É a causa dos outros dois corpos, que se estabelecem para poderem realizar os desejos do indivíduo. A natureza deste corpo é a própria ignorância em relação a si mesmo (o ātmā), basicamente porque não há o discernimento entre sujeito e objeto.”
Ānandamayaḥ kaḥ? (O que é o ānandamayakośa?)
Tendo compreendido aquilo que é o corpo causal, ainda há algo mais sutil a ser conhecido, e que está relacionado a este corpo, que é o ānandamayakośa. Para entendermos melhor o que é este ānandamayakośa, vamos desmembrar esta palavra em três partes:
A primeira a ser analisada será a palavra kośa. Kośa significa literalmente bainha. Como a bainha de uma espada. Ou seja, algo que ao cobrir um objeto, assume a forma do mesmo.
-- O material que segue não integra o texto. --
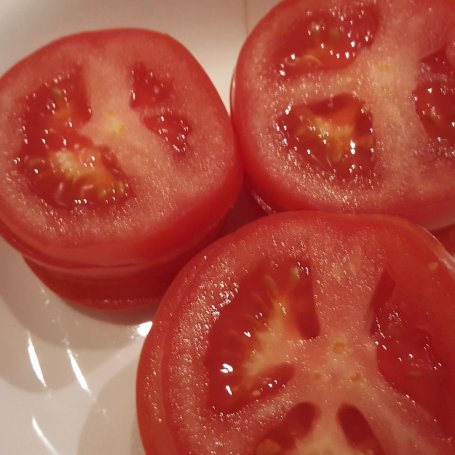 Krok 4 - Pikatny hamburger z papryką jalapeno, serem gouda i rukolą foto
Mas como ātmā não possui uma forma, esta definição fica um pouco perdida aqui. Já que ātmā não pode ser coberto por nada. Mas digamos que seja algo que pode me fazer pensar que estou “experimentando” ātmā. Vamos entender isso logo à frente quando falarmos sobre a palavra ānanda.
Em segundo vamos analisar a palavra maya. Aqui temos que ter o cuidado para não confundirmos com māyā, que significa “aquilo que é impossível de acontecer”. Maya significa a “transformação de”, ou “nada além de”.
Fica bem lógico quando pensamos no annamayakośa. E podemos traduzí-lo como o corpo que resulta na transformação dos alimentos (anna). O nosso corpo físico. E, em relação à terceira palavra que é ānanda, fica bem traduzido como “nada além de plenitude”.
Em cima disto, o professor discorre: “Este ānandamayakośa é aquele que é sustentado pela ignorância (em relação a mim mesmo), que é a razão pela qual o corpo causal existe. Consiste de sattva impuro (este sattva impuro, nos deixa intrigados, pois sempre tivemos a idéia de que sattva é uma condição indispensável para nossas mentes estarem preparadas para o autoconhecimento.
Mas sattva aqui, aponta para uma experiência de plenitude, e não para a plenitude em si. E experiências não representam aquilo que sou, pois elas vêm e vão). Estas experiências estão sustentadas pelo prazer, listadas pelo professor como priya, moda e pramoda.
Quase sempre, ouvimos falar sobre ānandamayakośa como uma epécie de “corpo de plenitude”, até porque estamos acostumados a relacionar esta palavra em sânscrito com plenitude em português, que é, realmente, um dos seus significados. Mas aqui não. Ānandamayakośa significa, de fato, a causa mais sutil da ignorância.
Desta forma, o professor, encerra esta explicação com um lindo verso, que diz: “Assim como um bracelete, um brinco, uma casa, etc; são reconhecidos como “meus”, e portanto, diferentes de Mim. Assim também é aquilo que é composto pelos cinco kośas. Reconhecidos como “meus”: meu corpo, meus sentidos, minha mente, meu intelecto e minha ignorância. Todos eles não sou Eu, o ātmā.”